*Directions*:
Print only the lines running from the line with "NEVERFULL MNG MM WORLD TOUR W/POCHETTE" to the final line below, both included, exactly as written and without the pictures.

*Supplied data*:
=== Section Start ===

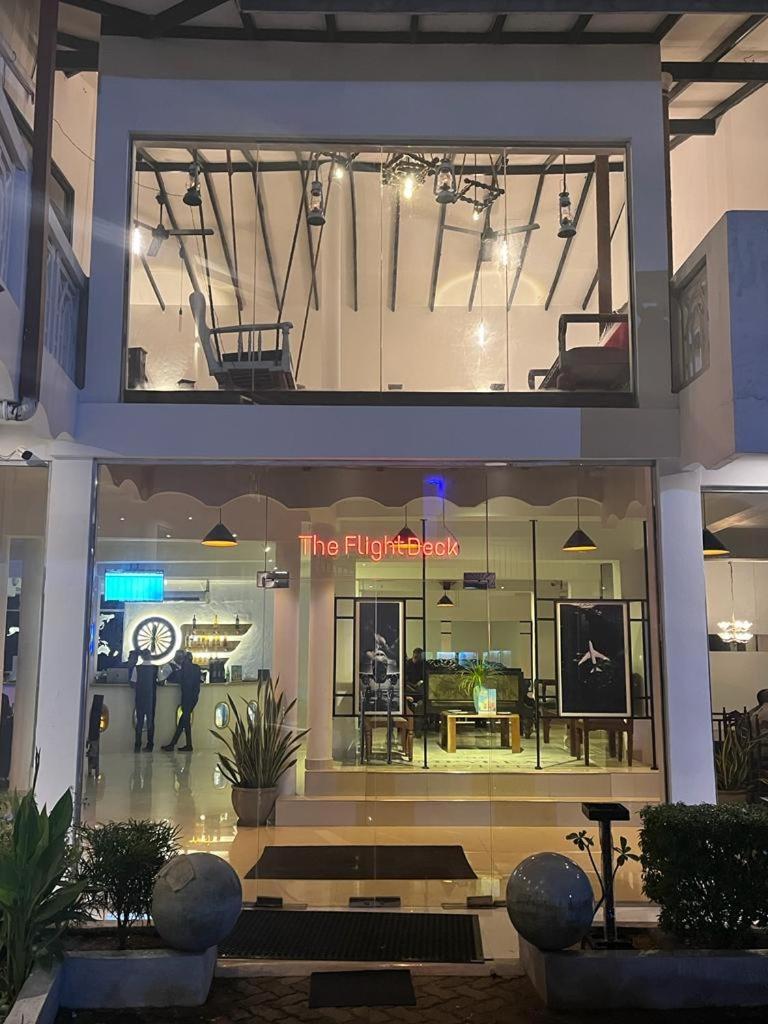 The Empyrean Airport Transit Hotel Katunayaka Exterior foto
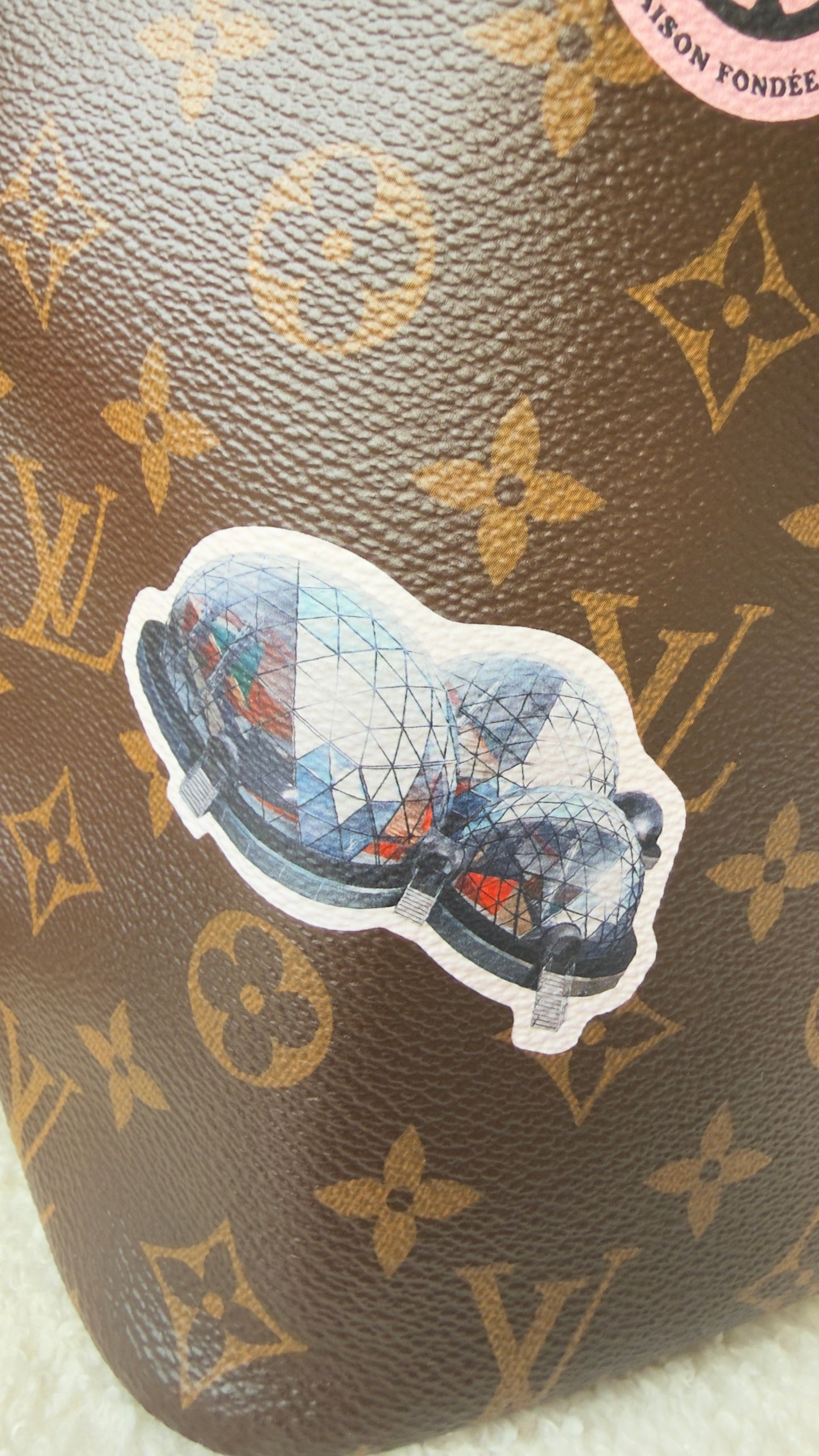 NEVERFULL MNG MM WORLD TOUR W/POCHETTE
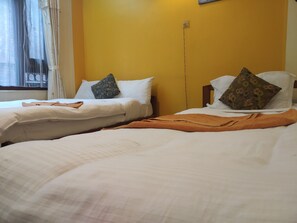 Down comforters, in-room safe, desk, soundproofing - Golden Gate Guest House (Bhaktapur)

=== Section End ===

*Solution to this exercise*:
 NEVERFULL MNG MM WORLD TOUR W/POCHETTE
 Down comforters, in-room safe, desk, soundproofing - Golden Gate Guest House (Bhaktapur)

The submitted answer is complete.